Homeschoolers who have more than one child are likely to be teaching a wider range of skills in one day than any public school teacher. Of course, they have fewer students, but the techniques they have learned to teach their children can be adapted to the classroom.
Many teachers are resistant to learning about differentiation in the classroom. But homeschoolers embrace differentiation as fundamental to education. For example, a homeschooling family approaches a science experiment like sprouting beans with the attitude that everyone can learn at their own level:
The youngest child would simply enjoy the wonder of watching her small, dry bean split then push out life with the simple addition of water.
The younger elementary child will be expected to keep a calendar of observations: how long did it take the seed to split? What part of the plant came out first? If the seed was upside-down, which direction did the sprout grow?
The advanced elementary child would be expected to learn more about the growth cycle, do more detailed drawings with labels, and perhaps make predictions about how conditions would effect the growing plant.
The middle school-aged child would use the scientific method to design an experiment; for example, growing seeds in different amounts of sunshine or with different amounts of water. He would do diagrams, chart growth, and finally, write a paper based on his findings.
Each child does the same basic experiment, but expectations of performance are based on the skills, knowledge, and abilities going in, not the fact that the children happen to attend school in the same location.
2. The teacher doesn’t have to be an expert in something to teach it.
Homeschoolers are famous for learning from their children. No homeschooler starts on the journey thinking that he or she knows everything the children will need to learn.
Teachers, on the other hand, are supposed to master curriculum then teach it. The arrival of a gifted learner can upset the classroom balance if he knows more than the other kids, has mastered all the available curriculum, and may even surpass the teacher’s knowledge in a subject.
Homeschooling parents see themselves as guides and see each child’s natural inquisitiveness as a challenge. When one of their children excels in an area, they don’t ask her to slow down, to wait for other kids, or to do the same things she has mastered over and over.
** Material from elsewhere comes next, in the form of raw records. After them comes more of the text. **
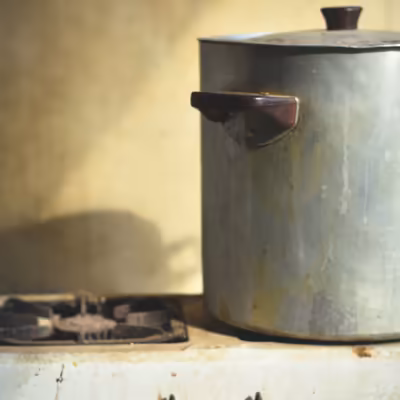 large pot used to simmer herbal decoctions for dyeing fabrics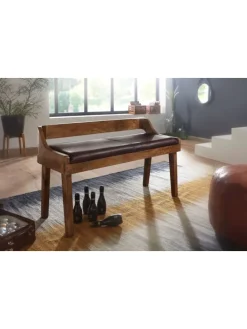 Sitzbank | Echtleder/Holz, 108x63x43cm, Rückenlehne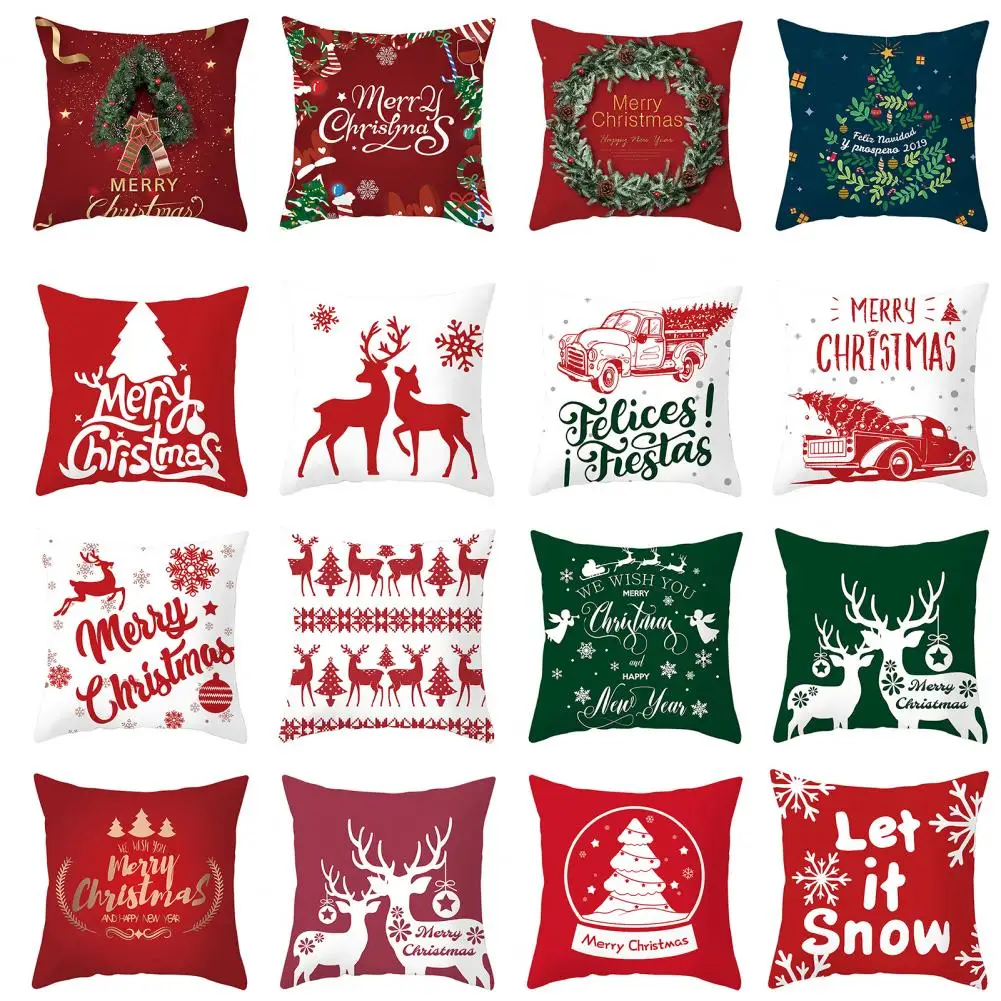 Funda de almohada navideña útil, funda de almohada lavable, suave, sin decoloración, mejores deseos de Navidad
Again, a homeschooler is likely to be guide to many fewer children than a classroom teacher, but a teacher who sees herself as a guide rather than the repository of knowledge will find dealing with a gifted child easier and also more fulfilling.
3. All children are asynchronous learners.
Teachers learn a falsehood that is reinforced over and over by our school system, our curriculum, and our standards. This falsehood is that children learn at the same rate, and that there is a natural order to how things must be learned.
Every homeschooler learns the truth sooner or later, and it’s his children who teach him.
All children are asynchronous. They all learn at different rates and are ready to learn some information at different times. There is nothing “wrong” with a gifted third-grader who has no interested in memorizing math facts but is fascinated with algebraic equations.
A classroom that is set up with the expectation that children will fall easily in step with the theory the teacher believes in will fail for gifted learners. Gifted learners stick out because they are more different than other children, not because the other children are not different, as well.
A classroom set up to nurture gifted learners will emphasize learning and de-emphasize evenly spaced progression through curriculum. A teacher who wants to nurture his gifted learners will respond to their passions by encouraging rather than trying to stifle them.
4. The digital age is here and should be embraced.
Teachers of today are still teaching in the classroom of yesterday. Teachers depend on textbooks and passive students rather than dynamic learning and proactive students.
Homeschoolers are finding less and less to love in textbooks, and more and more to love online. New digital technology offers instruction tailored to every type of learner. Much of it is free.
Instead of dismissing kids’ web surfing as a waste of time, teachers can encourage their gifted learners to deepen their classroom experience through online exploration. While learners with remedial needs get more classroom instruction, the gifted learners could watch National Geographic programs about their current social studies topic, learn new math skills for free on Khan Academy, and attain useful skills like typing from the BBC.